I. Introduction and preliminaries

1. Overview

  • Making R more friendly, R and available GUIs
  • Rstudio
  • Related software and documentation
  • R and statistics
  • Using R interactively
  • An introductory session
  • Getting help with functions and features
  • R commands, case sensitivity, etc.
  • Recall and correction of previous commands
  • Executing commands from or diverting output to a file
  • Data permanency and removing objects
  • Good programming practice:  Self-contained scripts, good    readability e.g. structured scripts, documentation, markdown
  • installing packages; CRAN and Bioconductor

2. Reading data

  • Txt files  (read.delim)
  • CSV files

3. Simple manipulations; numbers and vectors  + arrays

  • Vectors and assignment
  • Vector arithmetic
  • Generating regular sequences
  • Logical vectors
  • Missing values
  • Character vectors
  • Index vectors; selecting and modifying subsets of a data set
    • Arrays
  • Array indexing.

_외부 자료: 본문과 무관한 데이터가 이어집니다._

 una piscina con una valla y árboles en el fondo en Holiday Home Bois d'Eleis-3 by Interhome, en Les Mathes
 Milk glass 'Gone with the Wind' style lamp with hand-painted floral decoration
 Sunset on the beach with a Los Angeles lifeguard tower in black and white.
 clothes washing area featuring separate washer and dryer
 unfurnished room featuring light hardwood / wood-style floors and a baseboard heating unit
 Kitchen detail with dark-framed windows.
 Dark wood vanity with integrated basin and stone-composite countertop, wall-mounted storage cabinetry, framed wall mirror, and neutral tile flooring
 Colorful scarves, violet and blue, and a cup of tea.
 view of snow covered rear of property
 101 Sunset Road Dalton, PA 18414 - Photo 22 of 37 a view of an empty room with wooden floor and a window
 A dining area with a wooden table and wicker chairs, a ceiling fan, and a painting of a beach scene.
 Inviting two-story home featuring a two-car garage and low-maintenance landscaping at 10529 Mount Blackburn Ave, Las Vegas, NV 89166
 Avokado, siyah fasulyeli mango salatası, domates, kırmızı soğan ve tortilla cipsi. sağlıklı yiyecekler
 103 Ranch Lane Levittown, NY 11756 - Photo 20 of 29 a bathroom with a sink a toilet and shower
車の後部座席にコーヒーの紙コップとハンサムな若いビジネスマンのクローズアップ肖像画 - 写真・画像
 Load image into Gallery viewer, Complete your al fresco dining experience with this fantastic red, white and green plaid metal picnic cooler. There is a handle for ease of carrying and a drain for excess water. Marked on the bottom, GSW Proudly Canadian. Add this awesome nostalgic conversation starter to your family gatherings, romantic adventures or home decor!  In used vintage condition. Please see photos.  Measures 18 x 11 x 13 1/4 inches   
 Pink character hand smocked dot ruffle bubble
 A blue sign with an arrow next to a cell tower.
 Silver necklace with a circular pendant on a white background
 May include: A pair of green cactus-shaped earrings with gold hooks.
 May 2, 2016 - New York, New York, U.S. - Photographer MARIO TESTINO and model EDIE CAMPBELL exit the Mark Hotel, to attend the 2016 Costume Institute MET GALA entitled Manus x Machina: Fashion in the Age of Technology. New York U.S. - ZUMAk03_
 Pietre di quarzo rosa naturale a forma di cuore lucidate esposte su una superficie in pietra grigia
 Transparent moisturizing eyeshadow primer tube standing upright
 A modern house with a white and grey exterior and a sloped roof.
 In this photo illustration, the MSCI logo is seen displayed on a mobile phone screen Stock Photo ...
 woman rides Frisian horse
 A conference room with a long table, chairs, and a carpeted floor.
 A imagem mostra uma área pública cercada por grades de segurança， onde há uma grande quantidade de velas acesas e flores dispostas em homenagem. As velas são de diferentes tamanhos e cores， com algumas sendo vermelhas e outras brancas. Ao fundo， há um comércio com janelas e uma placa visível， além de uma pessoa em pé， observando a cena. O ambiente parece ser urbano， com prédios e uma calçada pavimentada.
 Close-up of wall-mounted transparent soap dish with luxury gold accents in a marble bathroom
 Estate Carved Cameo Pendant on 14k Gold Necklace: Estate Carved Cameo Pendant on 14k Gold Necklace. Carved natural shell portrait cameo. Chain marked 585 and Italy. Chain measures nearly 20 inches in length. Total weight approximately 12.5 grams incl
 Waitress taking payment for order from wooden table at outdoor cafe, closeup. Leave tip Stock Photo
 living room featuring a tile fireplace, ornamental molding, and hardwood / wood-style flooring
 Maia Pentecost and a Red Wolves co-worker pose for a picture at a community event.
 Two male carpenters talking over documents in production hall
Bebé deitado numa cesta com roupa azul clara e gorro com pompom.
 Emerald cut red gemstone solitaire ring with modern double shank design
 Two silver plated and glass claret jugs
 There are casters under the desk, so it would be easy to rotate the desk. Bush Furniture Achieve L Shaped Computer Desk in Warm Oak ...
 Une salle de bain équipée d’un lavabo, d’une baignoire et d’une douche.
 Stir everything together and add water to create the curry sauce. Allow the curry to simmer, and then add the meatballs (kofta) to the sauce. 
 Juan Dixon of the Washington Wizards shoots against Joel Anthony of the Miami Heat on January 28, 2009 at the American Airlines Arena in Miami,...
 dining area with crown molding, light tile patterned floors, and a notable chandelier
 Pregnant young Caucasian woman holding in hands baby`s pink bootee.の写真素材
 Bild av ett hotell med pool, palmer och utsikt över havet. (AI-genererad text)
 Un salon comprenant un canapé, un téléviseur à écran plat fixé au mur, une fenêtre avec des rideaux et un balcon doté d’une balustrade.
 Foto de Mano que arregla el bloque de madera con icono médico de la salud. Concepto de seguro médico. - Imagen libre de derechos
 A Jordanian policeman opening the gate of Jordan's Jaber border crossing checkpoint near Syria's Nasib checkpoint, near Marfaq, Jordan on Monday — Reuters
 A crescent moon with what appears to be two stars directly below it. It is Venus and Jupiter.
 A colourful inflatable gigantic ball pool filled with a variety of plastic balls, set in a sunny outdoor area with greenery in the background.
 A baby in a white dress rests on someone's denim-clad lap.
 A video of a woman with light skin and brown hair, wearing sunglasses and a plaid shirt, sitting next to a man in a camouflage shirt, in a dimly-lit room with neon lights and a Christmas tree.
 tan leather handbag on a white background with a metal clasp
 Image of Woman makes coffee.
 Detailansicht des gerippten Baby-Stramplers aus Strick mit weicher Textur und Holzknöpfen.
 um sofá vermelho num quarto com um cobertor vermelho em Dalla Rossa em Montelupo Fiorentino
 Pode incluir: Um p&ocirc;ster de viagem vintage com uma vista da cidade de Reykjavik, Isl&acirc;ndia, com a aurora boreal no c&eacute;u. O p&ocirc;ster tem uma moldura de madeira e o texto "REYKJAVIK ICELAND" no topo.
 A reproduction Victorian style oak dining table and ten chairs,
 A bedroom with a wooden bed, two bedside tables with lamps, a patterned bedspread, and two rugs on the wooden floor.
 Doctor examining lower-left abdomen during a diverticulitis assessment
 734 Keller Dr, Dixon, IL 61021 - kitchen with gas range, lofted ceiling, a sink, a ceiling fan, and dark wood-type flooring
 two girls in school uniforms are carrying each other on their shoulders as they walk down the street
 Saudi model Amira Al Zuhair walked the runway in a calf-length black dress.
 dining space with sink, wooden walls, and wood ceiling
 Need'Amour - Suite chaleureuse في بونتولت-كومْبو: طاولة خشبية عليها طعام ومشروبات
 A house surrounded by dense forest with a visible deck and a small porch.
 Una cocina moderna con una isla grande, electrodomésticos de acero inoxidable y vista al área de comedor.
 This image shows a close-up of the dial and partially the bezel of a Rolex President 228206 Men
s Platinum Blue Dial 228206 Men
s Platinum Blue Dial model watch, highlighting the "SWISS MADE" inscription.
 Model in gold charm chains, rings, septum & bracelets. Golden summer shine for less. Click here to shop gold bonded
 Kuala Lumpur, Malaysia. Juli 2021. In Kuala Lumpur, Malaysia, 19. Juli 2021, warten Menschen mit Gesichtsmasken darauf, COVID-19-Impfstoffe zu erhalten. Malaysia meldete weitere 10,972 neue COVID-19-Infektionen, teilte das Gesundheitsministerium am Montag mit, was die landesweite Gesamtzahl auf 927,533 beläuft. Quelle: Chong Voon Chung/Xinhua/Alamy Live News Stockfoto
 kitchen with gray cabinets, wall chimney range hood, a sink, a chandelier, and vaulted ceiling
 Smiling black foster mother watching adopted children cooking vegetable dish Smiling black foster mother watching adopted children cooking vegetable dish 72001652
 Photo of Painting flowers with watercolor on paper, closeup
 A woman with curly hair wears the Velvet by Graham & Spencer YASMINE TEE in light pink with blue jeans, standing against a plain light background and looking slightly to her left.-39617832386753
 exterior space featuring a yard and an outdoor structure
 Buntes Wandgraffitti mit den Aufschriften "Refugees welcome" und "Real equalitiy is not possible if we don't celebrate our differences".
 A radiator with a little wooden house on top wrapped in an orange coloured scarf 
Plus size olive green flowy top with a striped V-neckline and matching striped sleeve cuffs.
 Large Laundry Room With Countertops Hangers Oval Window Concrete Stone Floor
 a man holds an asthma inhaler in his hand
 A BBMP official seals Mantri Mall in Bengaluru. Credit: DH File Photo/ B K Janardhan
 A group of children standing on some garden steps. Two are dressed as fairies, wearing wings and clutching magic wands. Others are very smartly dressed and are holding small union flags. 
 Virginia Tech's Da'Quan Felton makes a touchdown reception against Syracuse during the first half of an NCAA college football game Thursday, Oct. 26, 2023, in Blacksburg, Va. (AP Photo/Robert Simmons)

Subsections of an array
  • Index matrices
  • The array() function + simple operations on arrays e.g. multiplication, transposition  
  • Other types of objects

4. Lists and data frames

  • Lists
  • Constructing and modifying lists
    • Concatenating lists
  • Data frames
    • Making data frames
    • Working with data frames
    • Attaching arbitrary lists
    • Managing the search path

5. Data manipulation

  • Selecting, subsetting observations and variables         
  • Filtering, grouping
  • Recoding, transformations
  • Aggregation, combining data sets
  • Forming partitioned matrices, cbind() and rbind()
  • The concatenation function, (), with arrays
  • Character manipulation, stringr package
  • short intro into grep and regexpr

6. More on Reading data                                            

  • XLS, XLSX files
  • readr  and readxl packages
  • SPSS, SAS, Stata,… and other formats data
  • Exporting data to txt, csv and other formats

6. Grouping, loops and conditional execution

  • Grouped expressions
  • Control statements
  • Conditional execution: if statements
  • Repetitive execution: for loops, repeat and while
  • intro into apply, lapply, sapply, tapply

7. Functions

  • Creating functions
  • Optional arguments and default values
  • Variable number of arguments
  • Scope and its consequences

8. Simple graphics in R

  • Creating a Graph
  • Density Plots
  • Dot Plots
  • Bar Plots
  • Line Charts
  • Pie Charts
  • Boxplots
  • Scatter Plots
  • Combining Plots

II. Statistical analysis in R 

1.    Probability distributions

  • R as a set of statistical tables
  • Examining the distribution of a set of data

2.   Testing of Hypotheses

  • Tests about a Population Mean
  • Likelihood Ratio Test
  • One- and two-sample tests
  • Chi-Square Goodness-of-Fit Test
  • Kolmogorov-Smirnov One-Sample Statistic 
  • Wilcoxon Signed-Rank Test
  • Two-Sample Test
  • Wilcoxon Rank Sum Test
  • Mann-Whitney Test
  • Kolmogorov-Smirnov Test

3. Multiple Testing of Hypotheses

  • Type I Error and FDR
  • ROC curves and AUC
  • Multiple Testing Procedures (BH, Bonferroni etc.)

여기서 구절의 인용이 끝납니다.